• [Data under study]
※ ※ ※
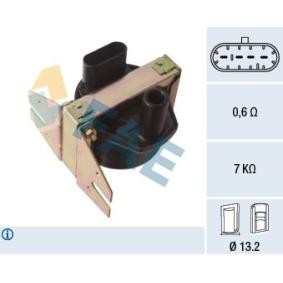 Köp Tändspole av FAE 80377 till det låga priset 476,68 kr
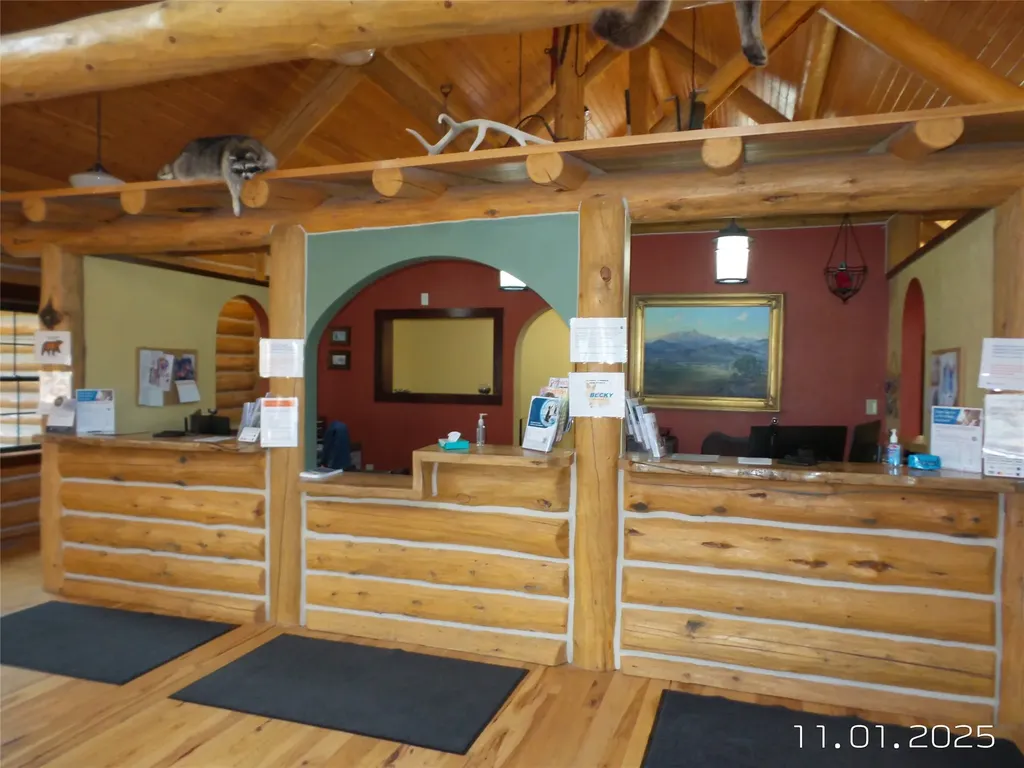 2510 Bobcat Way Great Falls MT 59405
※ ※ ※
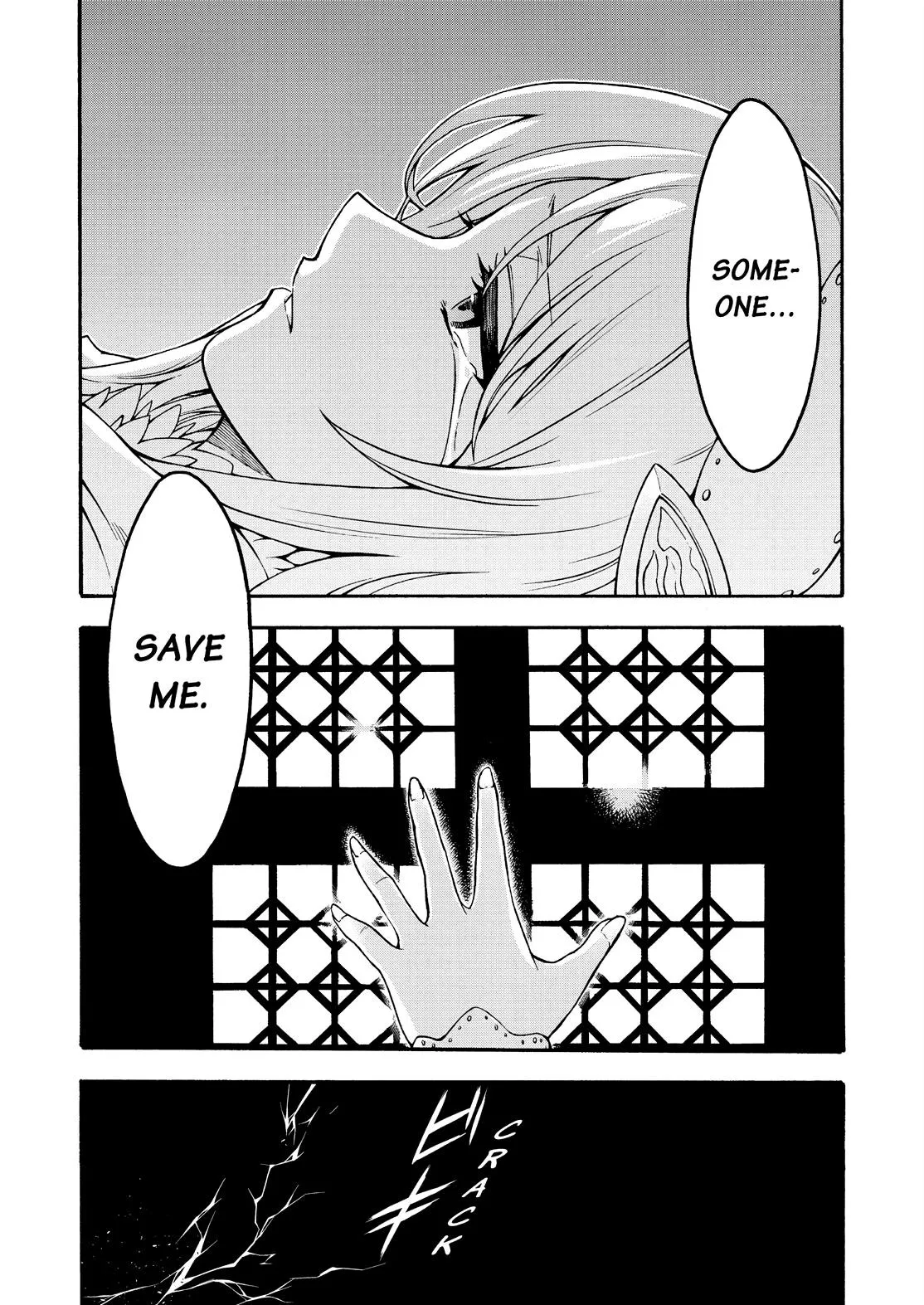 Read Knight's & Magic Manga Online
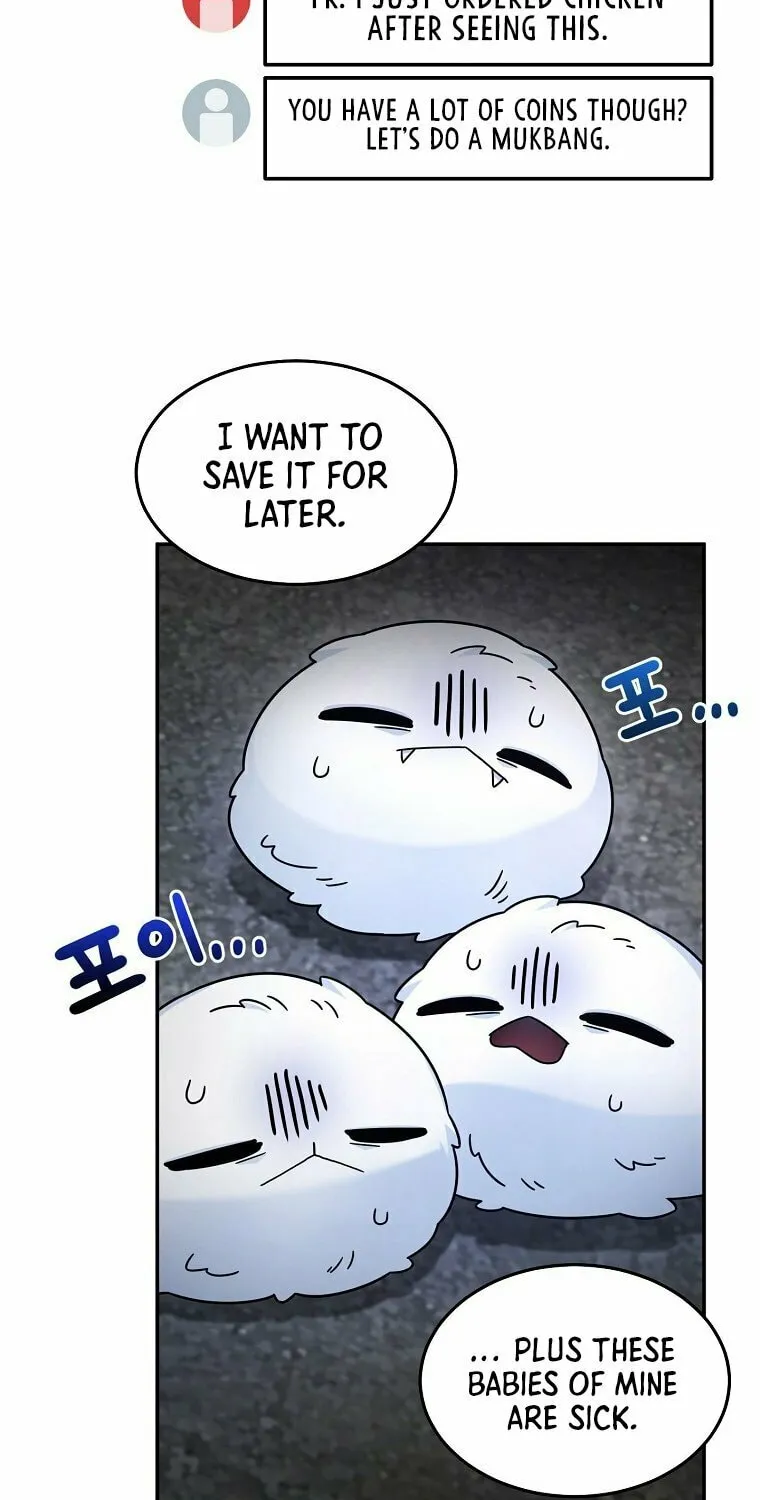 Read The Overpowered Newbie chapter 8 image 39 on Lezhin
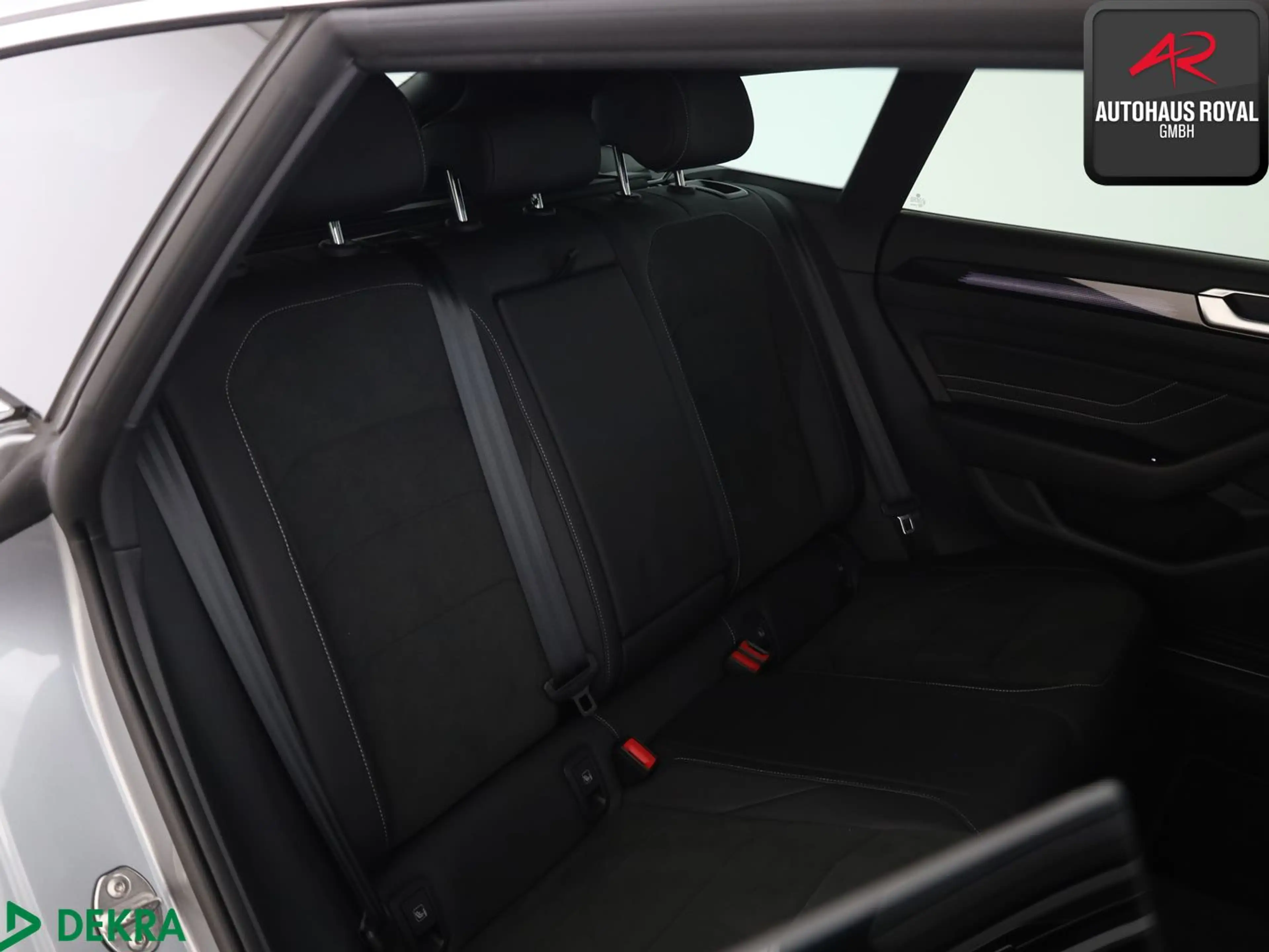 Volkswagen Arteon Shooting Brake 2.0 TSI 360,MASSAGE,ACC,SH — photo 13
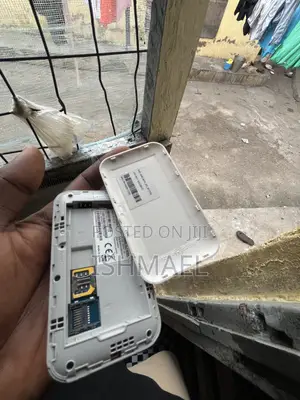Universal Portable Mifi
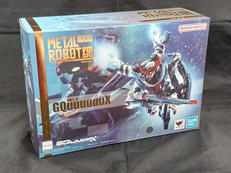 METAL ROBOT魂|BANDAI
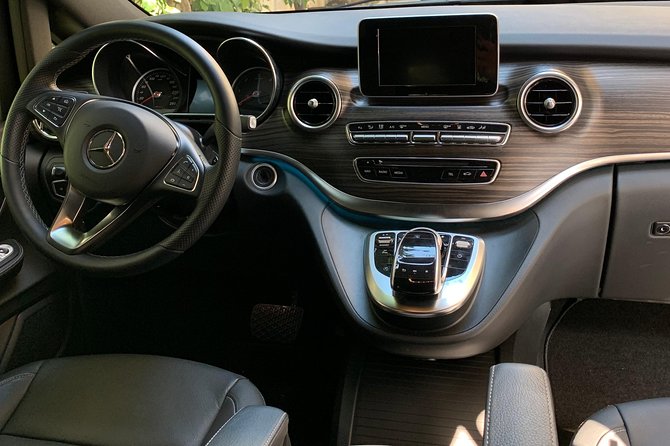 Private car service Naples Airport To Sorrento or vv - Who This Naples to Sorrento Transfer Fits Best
※ ※ ※
• [Assignment] Pictures aside, return exactly the lines from the data above, starting at the line that has "Read The Overpowered" and ending at the line that has "Private car service", both included.

• [Solution below]
 Read The Overpowered Newbie chapter 8 image 39 on Lezhin
 Volkswagen Arteon Shooting Brake 2.0 TSI 360,MASSAGE,ACC,SH — photo 13
Universal Portable Mifi
 METAL ROBOT魂|BANDAI
 Private car service Naples Airport To Sorrento or vv - Who This Naples to Sorrento Transfer Fits Best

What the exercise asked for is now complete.